Man says dog died after being near fouled pond
A Virginia City man who hunted downstream from now-closed Cinnamon Pond in Mason Valley says his dog died a short time later.
Dennis Faulkner said Spoony, a 3-year-old chocolate Labrador, got sick the day after he returned from hunting in the 17,000-acre Mason Valley Wildlife Management Area.
Cinnamon Pond was closed last week by Nevada Division of Wildlife Director Terry Crawfoth due to potential health risks caused by the presence of improperly treated sewage effluent.
Faulkner said he had no idea that improperly treated effluent was being dumped into the ponds by the city of Yerington until he read about it in a newspaper.
“What really upsets me is that they were aware of two spills and left the area open for the first week of hunting season,” he said.
Faulkner said he doesn’t have any evidence that Spoony was poisoned by improperly treated effluent discharged into the ponds of the Mason Valley Wildlife Management Area, but that his dog was kept in a kennel when not hunting.
“She went right into kennel and the next day she was out of it,” he said. “She was sick for about two weeks. One day she would be sick and the next day she seemed like she was getting better. I wish I’d taken her to the vet right away, but she didn’t seem that sick. As soon as she died, I took her out and buried her.”
Faulkner said his map showed he was hunting at the pond just downstream from where, on Oct. 15, an inspector from the Nevada Division of Environmental Protection allegedly found decomposed toilet paper, sanitary items and floating debris had again been discharged into the wildlife area.

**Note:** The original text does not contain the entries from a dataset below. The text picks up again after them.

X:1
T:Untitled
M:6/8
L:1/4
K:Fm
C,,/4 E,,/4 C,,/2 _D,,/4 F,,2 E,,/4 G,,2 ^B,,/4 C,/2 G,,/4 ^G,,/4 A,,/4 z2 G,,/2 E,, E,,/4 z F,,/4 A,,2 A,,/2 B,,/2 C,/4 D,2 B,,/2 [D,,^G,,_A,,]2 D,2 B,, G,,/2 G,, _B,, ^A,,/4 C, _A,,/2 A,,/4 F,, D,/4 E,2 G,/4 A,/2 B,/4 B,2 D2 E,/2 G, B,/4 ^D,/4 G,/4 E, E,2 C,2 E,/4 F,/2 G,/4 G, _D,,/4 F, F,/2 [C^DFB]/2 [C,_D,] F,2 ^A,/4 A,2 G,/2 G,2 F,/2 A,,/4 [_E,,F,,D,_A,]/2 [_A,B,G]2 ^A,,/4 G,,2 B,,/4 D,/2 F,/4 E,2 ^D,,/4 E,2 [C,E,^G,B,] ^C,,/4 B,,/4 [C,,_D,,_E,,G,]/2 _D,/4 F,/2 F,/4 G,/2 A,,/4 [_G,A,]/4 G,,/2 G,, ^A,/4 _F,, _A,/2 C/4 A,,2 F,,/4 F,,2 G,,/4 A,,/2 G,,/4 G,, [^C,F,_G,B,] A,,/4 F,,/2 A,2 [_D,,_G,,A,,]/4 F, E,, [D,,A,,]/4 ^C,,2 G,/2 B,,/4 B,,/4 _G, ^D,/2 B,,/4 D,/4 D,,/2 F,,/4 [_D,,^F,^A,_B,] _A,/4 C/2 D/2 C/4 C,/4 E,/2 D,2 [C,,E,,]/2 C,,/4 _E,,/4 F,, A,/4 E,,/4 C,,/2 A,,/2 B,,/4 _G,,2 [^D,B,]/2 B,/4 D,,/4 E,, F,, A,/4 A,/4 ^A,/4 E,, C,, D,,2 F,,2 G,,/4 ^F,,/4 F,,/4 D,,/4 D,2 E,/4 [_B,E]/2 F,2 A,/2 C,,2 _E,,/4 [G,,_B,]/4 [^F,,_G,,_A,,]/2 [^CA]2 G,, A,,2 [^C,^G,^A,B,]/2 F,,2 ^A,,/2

Two previous inspections, one on July 3 and another on July 14, found the city’s wastewater treatment plant had inadequate aeration, a broken chlorinating system and was discharging waste into Cinnamon Pond.

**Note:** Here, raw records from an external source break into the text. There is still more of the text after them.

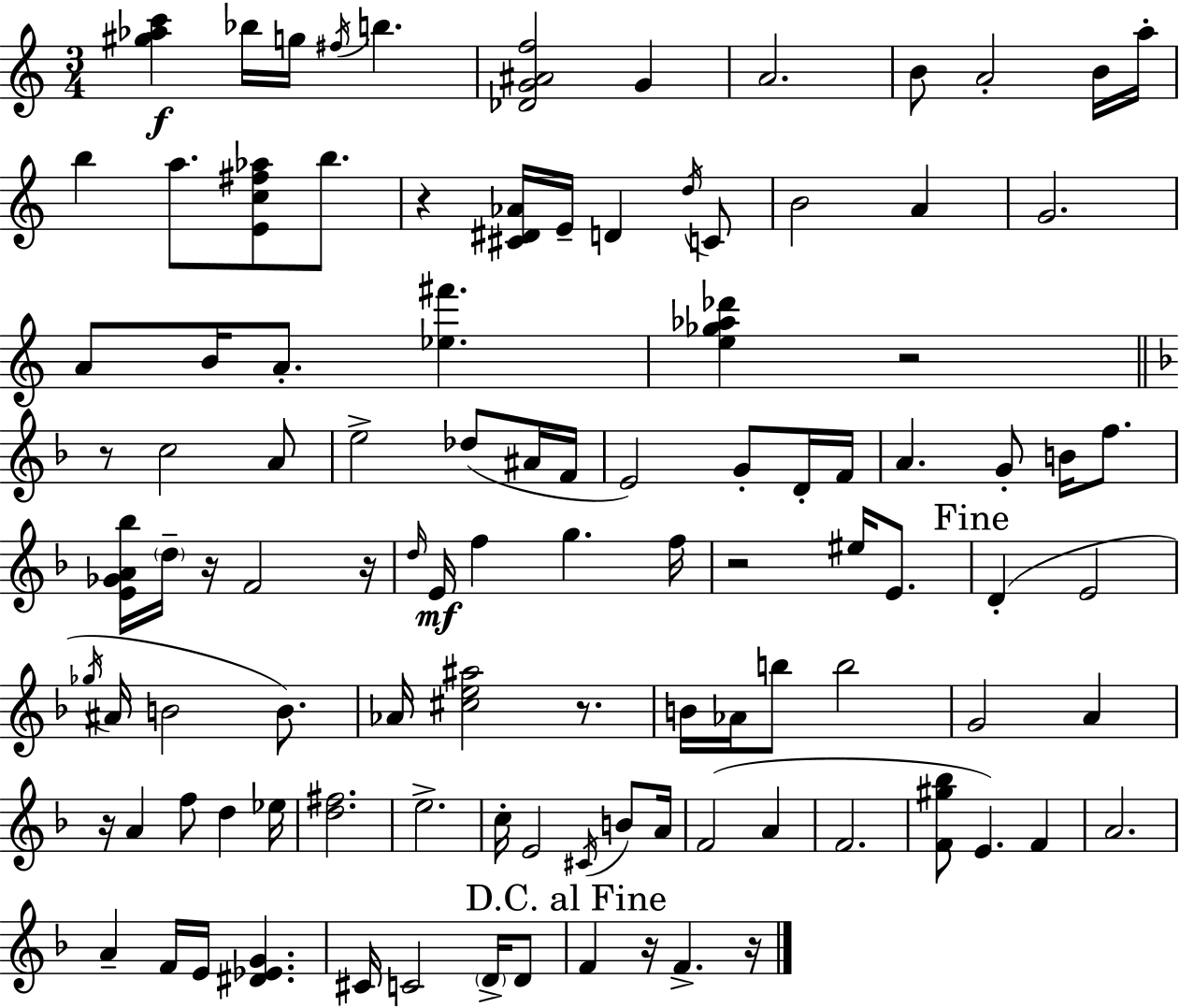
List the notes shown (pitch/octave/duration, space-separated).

[G#5,Ab5,C6]/q Bb5/s G5/s F#5/s B5/q. [Db4,G4,A#4,F5]/h G4/q A4/h. B4/e A4/h B4/s A5/s B5/q A5/e. [E4,C5,F#5,Ab5]/e B5/e. R/q [C#4,D#4,Ab4]/s E4/s D4/q D5/s C4/e B4/h A4/q G4/h. A4/e B4/s A4/e. [Eb5,F#6]/q. [E5,Gb5,Ab5,Db6]/q R/h R/e C5/h A4/e E5/h Db5/e A#4/s F4/s E4/h G4/e D4/s F4/s A4/q. G4/e B4/s F5/e. [E4,Gb4,A4,Bb5]/s D5/s R/s F4/h R/s D5/s E4/s F5/q G5/q. F5/s R/h EIS5/s E4/e. D4/q E4/h Gb5/s A#4/s B4/h B4/e. Ab4/s [C#5,E5,A#5]/h R/e. B4/s Ab4/s B5/e B5/h G4/h A4/q R/s A4/q F5/e D5/q Eb5/s [D5,F#5]/h. E5/h. C5/s E4/h C#4/s B4/e A4/s F4/h A4/q F4/h. [F4,G#5,Bb5]/e E4/q. F4/q A4/h. A4/q F4/s E4/s [D#4,Eb4,G4]/q. C#4/s C4/h D4/s D4/e F4/q R/s F4/q. R/s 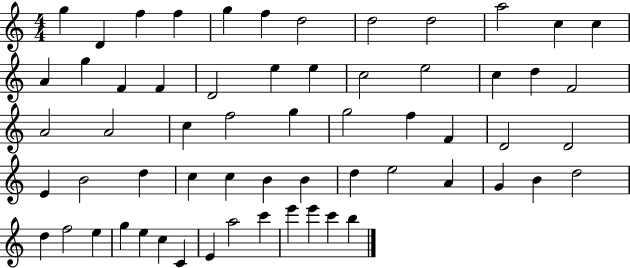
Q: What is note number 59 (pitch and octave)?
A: E6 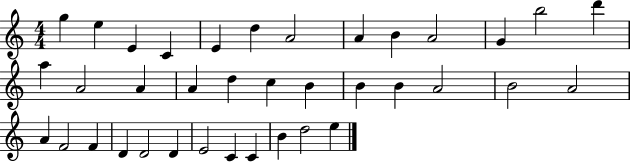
X:1
T:Untitled
M:4/4
L:1/4
K:C
g e E C E d A2 A B A2 G b2 d' a A2 A A d c B B B A2 B2 A2 A F2 F D D2 D E2 C C B d2 e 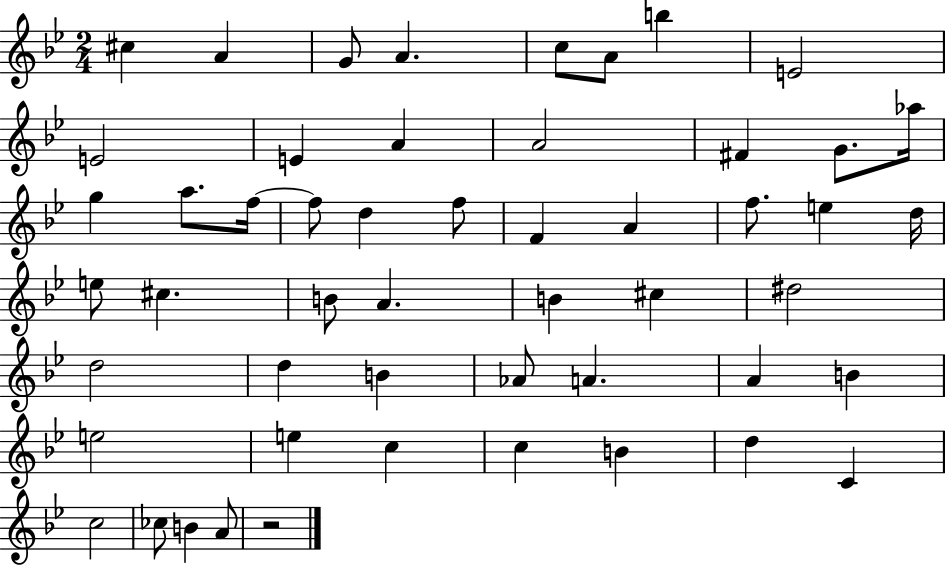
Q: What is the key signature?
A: BES major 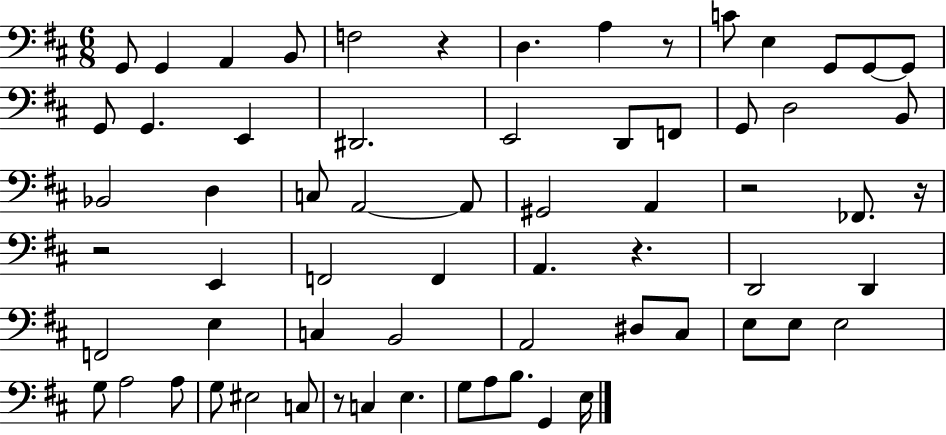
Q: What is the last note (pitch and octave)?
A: E3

“I’m really upset at having three spills there before they closed the damn thing,” Faulkner said. “The week before, they had the youth hunt out there, too.”
An order by the environmental protection department requires the city to complete engineering designs for an automatic treatment system by Nov. 28 and to make the system operational by Jan. 31.
An average of 183 hunters have used the area daily for the past two years between October and January.